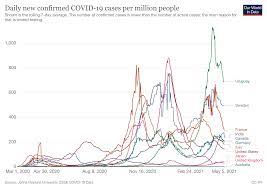 It was first identified in december 2019 in wuhan,. Covid 19 What You Need To Know About The Coronavirus Pandemic On 6 May World Economic Forum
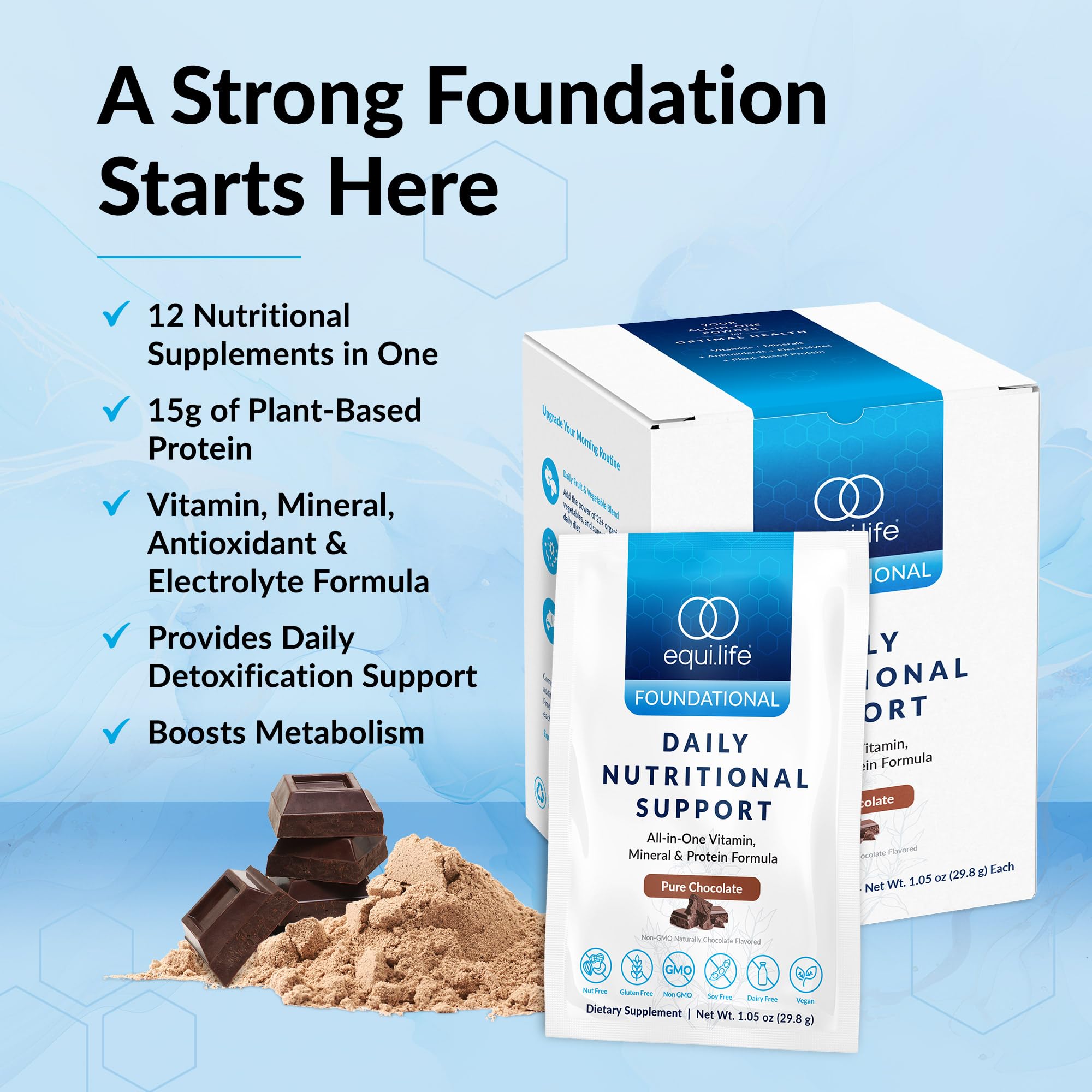 Equilife Daily Nutritional Support pea protein scoop highlights plant-based protein option.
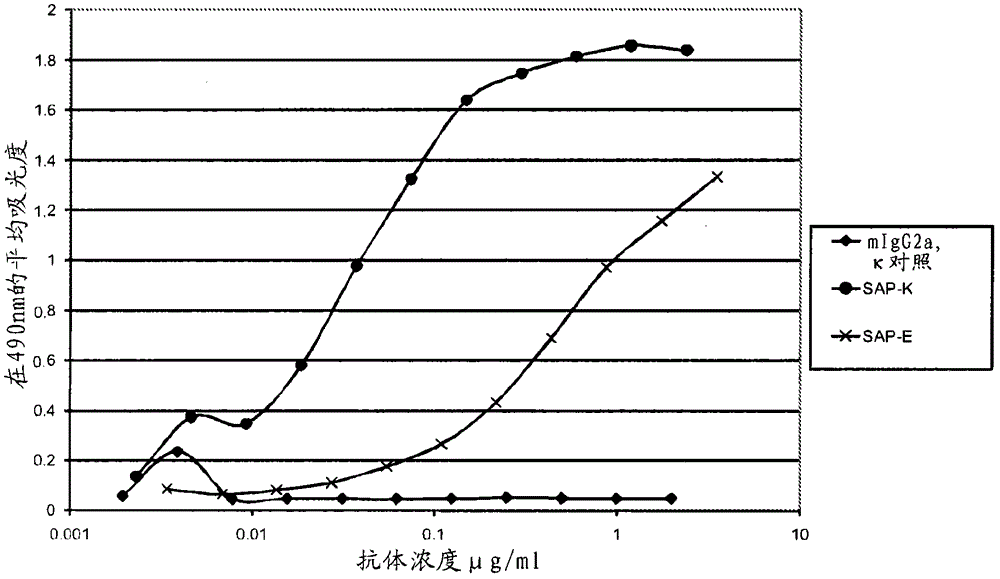 Antigen-binding protein specific for serum amyloid P component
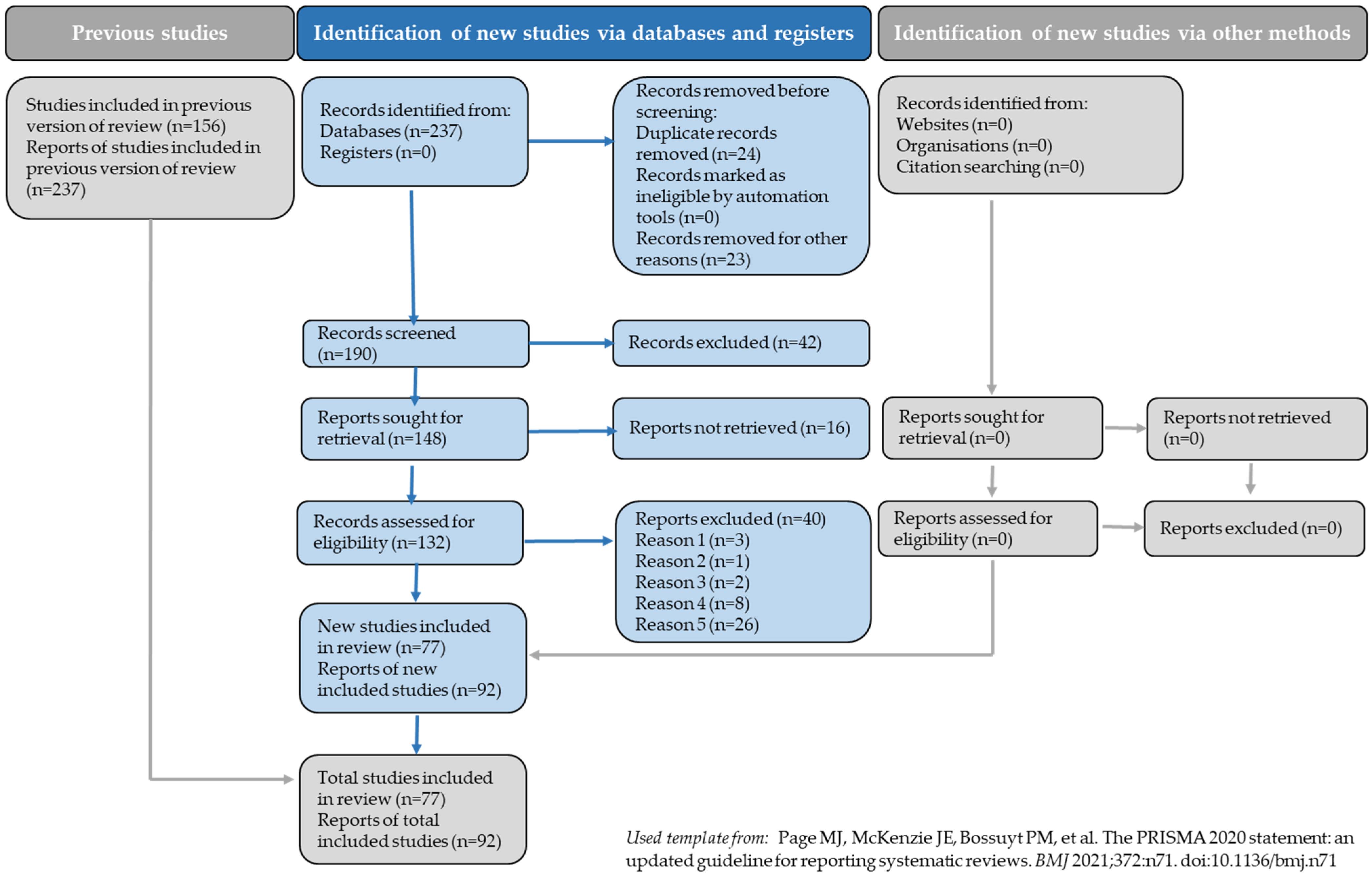 Pathogens of European Catfish Silurus glanis (L., 1758): A Review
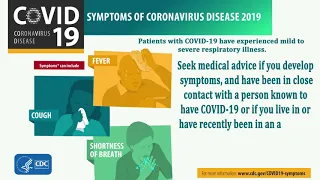 COVID-19 Awareness: Coronavirus Symptoms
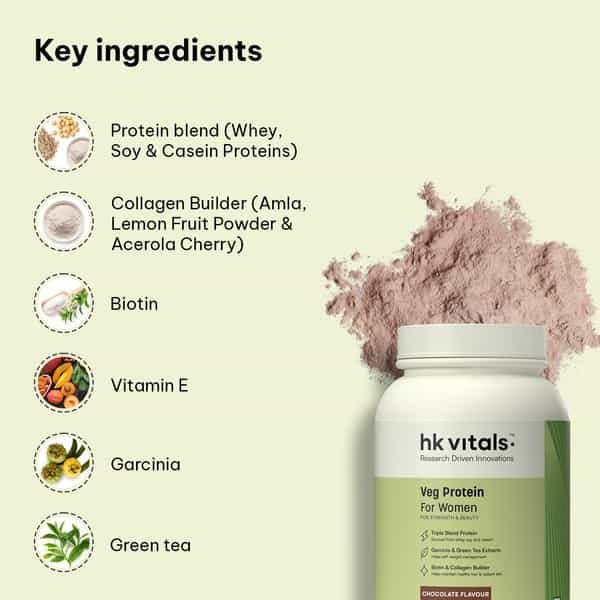 Hk Vitals Veg Protein For Women (Chocolate | 1Kg) | Vegetarian Protein With Soy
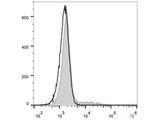 Elab Fluor® 488 Anti-Human CD24 Antibody[ML5]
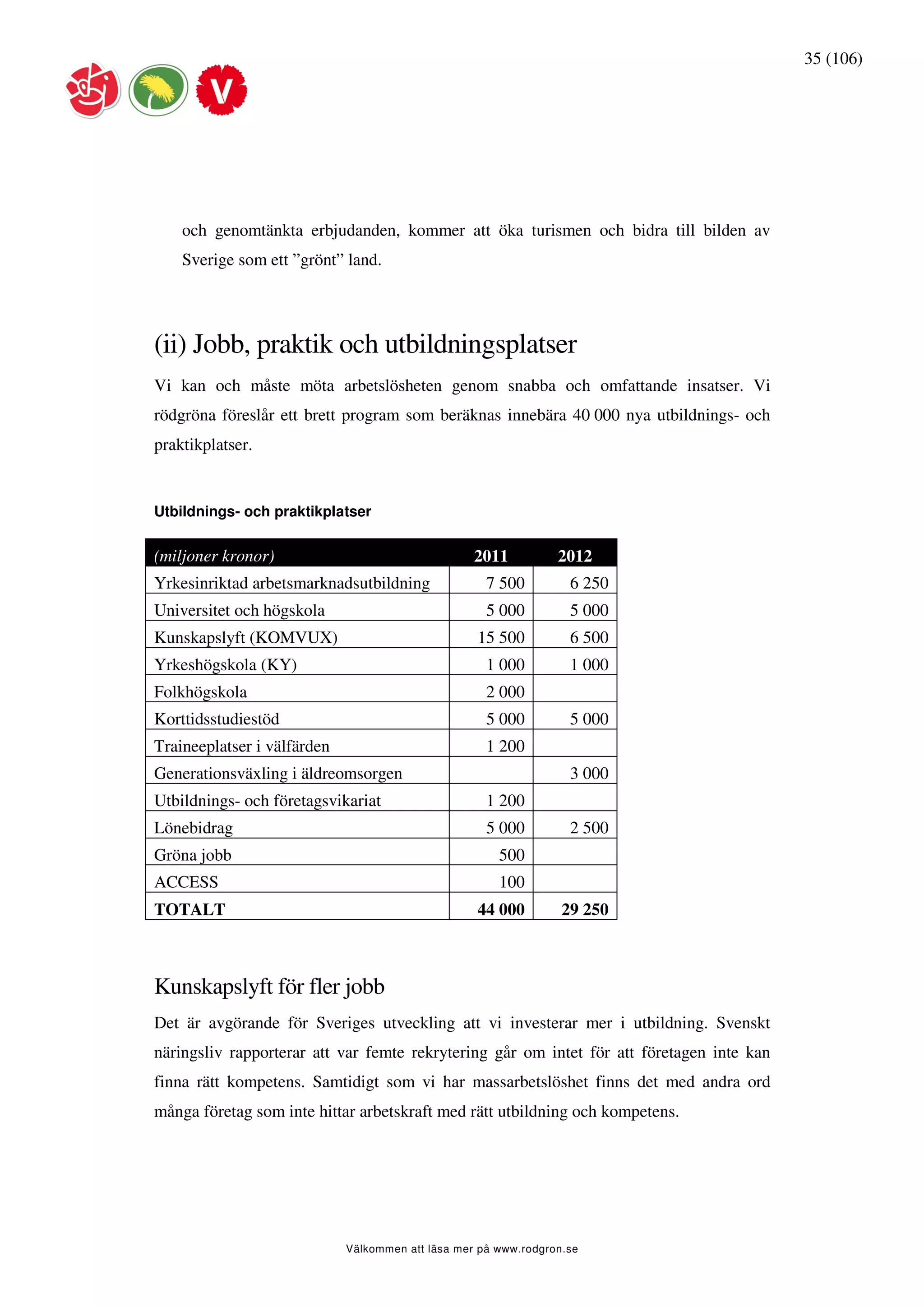 35 (106)




    och genomtänkta erbjudanden, kommer att öka turismen och bidra till bilden av
    Sverige som ett ”grönt” land.




(ii) Jobb, praktik och utbildningsplatser
Vi kan och måste möta arbetslösheten genom snabba och omfattande insatser. Vi
rödgröna föreslår ett brett program som beräknas innebära 40 000 nya utbildnings- och
praktikplatser.


Utbildnings- och praktikplatser


(miljoner kronor)                                  2011          2012
Yrkesinriktad arbetsmarknadsutbildning               7 500         6 250
Universitet och högskola                             5 000         5 000
Kunskapslyft (KOMVUX)                              15 500          6 500
Yrkeshögskola (KY)                                   1 000         1 000
Folkhögskola                                         2 000
Korttidsstudiestöd                                   5 000         5 000
Traineeplatser i välfärden                           1 200
Generationsväxling i äldreomsorgen                                 3 000
Utbildnings- och företagsvikariat                    1 200
Lönebidrag                                           5 000         2 500
Gröna jobb                                             500
ACCESS                                                 100
TOTALT                                             44 000         29 250



Kunskapslyft för fler jobb
Det är avgörande för Sveriges utveckling att vi investerar mer i utbildning. Svenskt
näringsliv rapporterar att var femte rekrytering går om intet för att företagen inte kan
finna rätt kompetens. Samtidigt som vi har massarbetslöshet finns det med andra ord
många företag som inte hittar arbetskraft med rätt utbildning och kompetens.




                             Välkommen att läsa mer på www.rodgron.se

* **Requirement**
Search the entries for the word "kompetens". Copy each line where it appears.

* **Result for this task**
finna rätt kompetens. Samtidigt som vi har massarbetslöshet finns det med andra ord
många företag som inte hittar arbetskraft med rätt utbildning och kompetens.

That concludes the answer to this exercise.